Nature and politics have one thing in common: they both abhor a vacuum. In some states, the Congress is doing its best to create its own Opposition. It has firmly rejected another pathetic overture from Lalu Prasad Yadav. Yadav has so much egg on his face that he can breakfast continuously from now till the next assembly polls. In Maharashtra, the Congress has begun to taunt its ally Sharad Pawar as the genie who bottled the sugar and opened the cap on price rise. The Congress is relishing a stalemate in which its primary intention is to make its mate look stale. Pawar’s reaction would make a sheep look sheepish.

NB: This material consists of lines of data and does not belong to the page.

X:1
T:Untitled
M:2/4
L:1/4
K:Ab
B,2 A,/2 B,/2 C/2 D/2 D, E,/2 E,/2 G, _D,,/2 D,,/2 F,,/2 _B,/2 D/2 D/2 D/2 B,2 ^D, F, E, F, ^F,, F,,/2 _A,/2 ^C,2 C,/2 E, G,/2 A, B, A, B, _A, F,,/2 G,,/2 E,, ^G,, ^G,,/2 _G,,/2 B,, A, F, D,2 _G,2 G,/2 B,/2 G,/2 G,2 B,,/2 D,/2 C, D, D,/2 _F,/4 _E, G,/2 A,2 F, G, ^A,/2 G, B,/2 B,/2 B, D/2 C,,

It is useful to remember, however, that some sheep have been known to change their clothing at the opportune moment. The Congress has, cleverly, taken out some insurance by investing in the next generation: the daughters of Pawar and P A Sangma have a much better equation with Rahul Gandhi than the fathers have with Mrs Sonia Gandhi.
Although Congress numbers are less than half of what Rajiv Gandhi carried into the Lok Sabha in 1985, the comatose inertia of Opposition parties has convinced most Congress leaders that they can replicate Rajiv Gandhi’s achievement in the general elections of 2014. Moreover, the Opposition leaders are two decades older, some having fought their last battles and others in their penultimate round, while their leader will be fresh and 44.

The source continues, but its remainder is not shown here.